そういった”毎年の傾向”が実体験から分かっているならば、早割で集中的に集客を行い催行率を高めていきましょう。

早割を実施するおすすめのタイミング

閑散期の実施が最有力候補

早割は催行率を上げるために行うものですので、基本的には予約の少ない時期に実施するのがおすすめです。となると4月、6月、10月、11月などは実施したいタイミングですね!

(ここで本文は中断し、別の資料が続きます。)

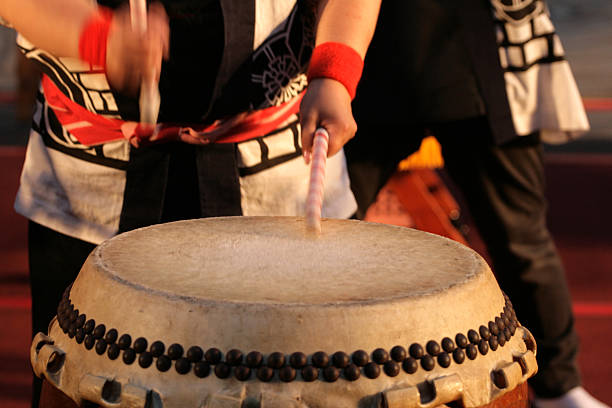 tambor taiko japonés - taiko drum fotografías e imágenes de stock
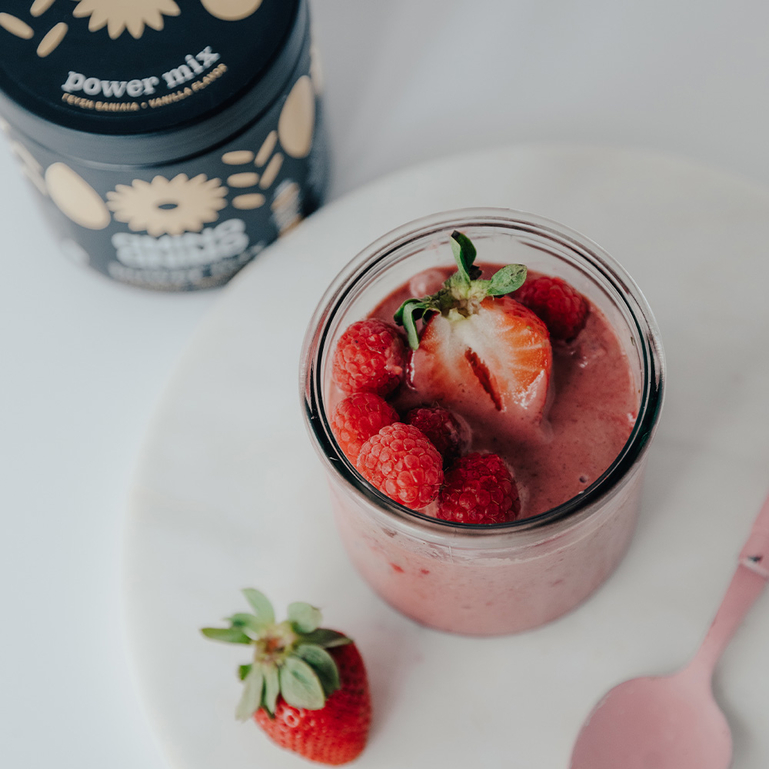 Smoothie Bowl mit Waldfrüchten und AMINO ANIMO Power Mix Vanilla Protein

4月の参加率を上げるなら、1月頃から早割は設定して周知していきたいところです。
1月ならお正月の年末年始商戦が終わったら4月の早割を行う、というように切り替えていきましょう。

繁忙期の集客を更に伸ばす

繁忙期は集客がしやすい時期ですが、それでも100%席を埋めることができる日は限られています。
毎年の傾向をデータから分析すれば、どの日程に対して早割を行うべきか見えてくるはずです。

あとはこの設定方法を参照して、集客を行います。

販売を開始したらSNSでも告知

早割を開始したらSNSでも情報発信をしましょう!早割はスピード感が大切ですので、使えるものはなんでも使い、一人でも多くのお客様の目に留まるようにしなくてはなりません。

まとめ

早割は割引というお得感でお客様を集客するという、いわゆる「キャンペーン」であることには間違いはありませんが、それ以上に現地体験の事業者にとって最少催行人数の制限を突破するカンフル剤的な使い方にもなります。

早期の予約が入れば、事業者としても計画が立てやすくなり、お客様を催行確定日に集めることでスタッフのリソースも有効活用することができます。
早期予約を獲得するために早割を活用して、催行率を高める打ち手としていただければと思います。特にお客様が集まりづらい閑散期にお客様を集めるのに有効です。